По сути, «феофаниевцы» и «кирилловцы» должны между собой выяснить один базовый вопрос: за что на самом деле УПЦ подвергается государственным ограничениям и общественной обструкции? До недавнего времени существовал неписаный консенсус: украинское государство якобы «преследует каноническую церковь за веру». Но этот аргумент разбивается о факт, что в Украине есть другие православные юрисдикции, к которым у государства системных претензий нет; и никого «за веру» не наказывают. Если честно посмотреть в корень, УПЦ страдает не «за веру», а за тот самый «цивилизационный выбор», сделанный небольшой группой фанатиков, о котором говорил митрополит Феодосий: готовность/неготовность разорвать идеологические, управленческие и имущественные связи с институтом, который украинское государство прямо назвало соучастником агрессии и носителем идеологии «русского мира». Именно это, а не исповедание православия как такового, и является предметом правового регулирования нового закона.
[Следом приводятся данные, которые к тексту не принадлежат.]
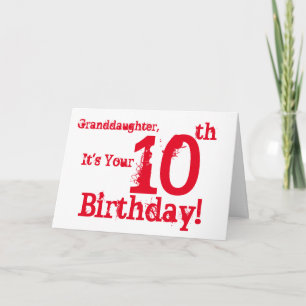 Granddaughter's 10th birthday in red. card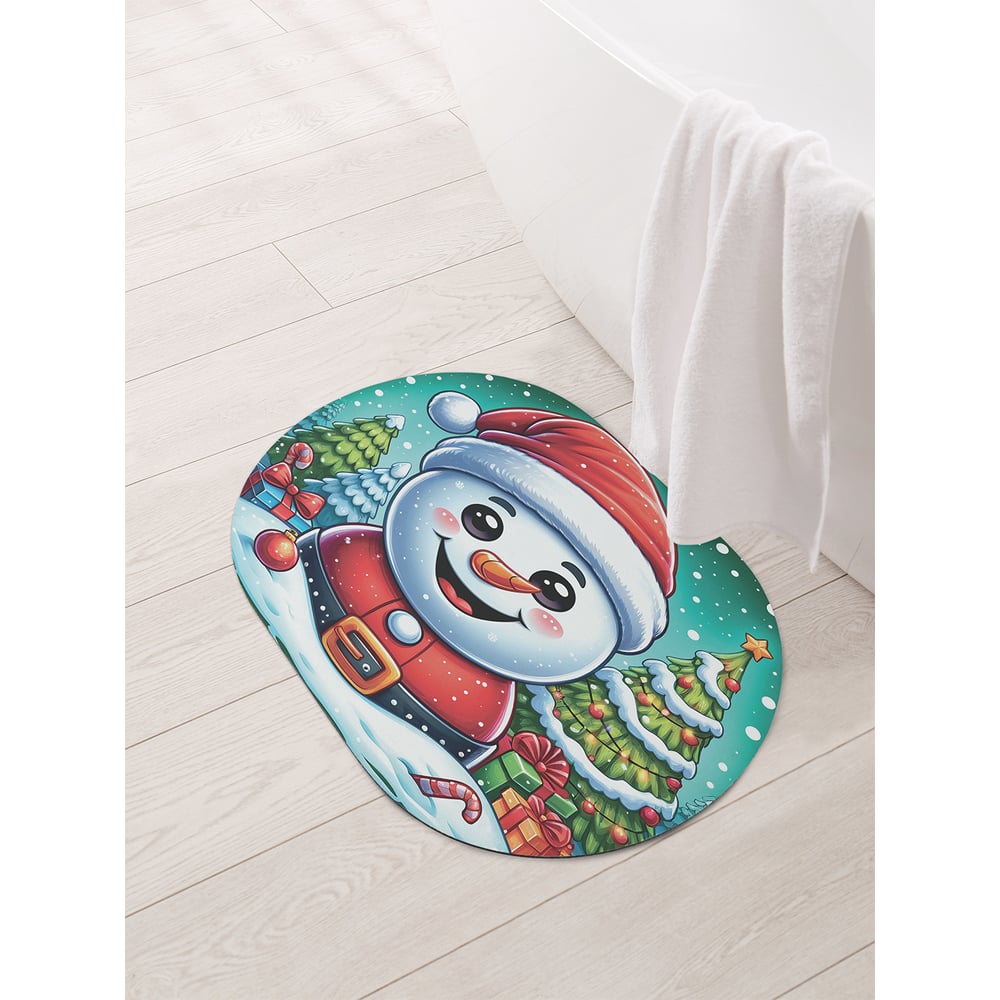 Изображение товара Коврик овальный для ванной и туалета JoyArty "Снеговик с подарками" 58x38 см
В этом контексте Собор в Феофании 27.05.2022 был шансом для эволюционной «перезагрузки» — и он все же зафиксировал ряд важных моментов в Уставе. Однако дальнейшая практика, публичные заявления отдельных иерархов и затяжная «двойственность» в поведении делают вопрос «фактической автокефалии» скорее предметом дискуссии, чем консенсусом — и внутри УПЦ, и в межцерковных отношениях. Нынешний закон доказывает, что окно для имитаций закрывается: государство отделяет свободу религии от свободы организационного подчинения центрам в государстве-агрессоре. Дальнейший путь УПЦ будет зависеть не от громкости заявлений, а от способности упорядочить канонические и юридические реалии под требования безопасности и здравого смысла — и сделать это честно перед собственной паствой.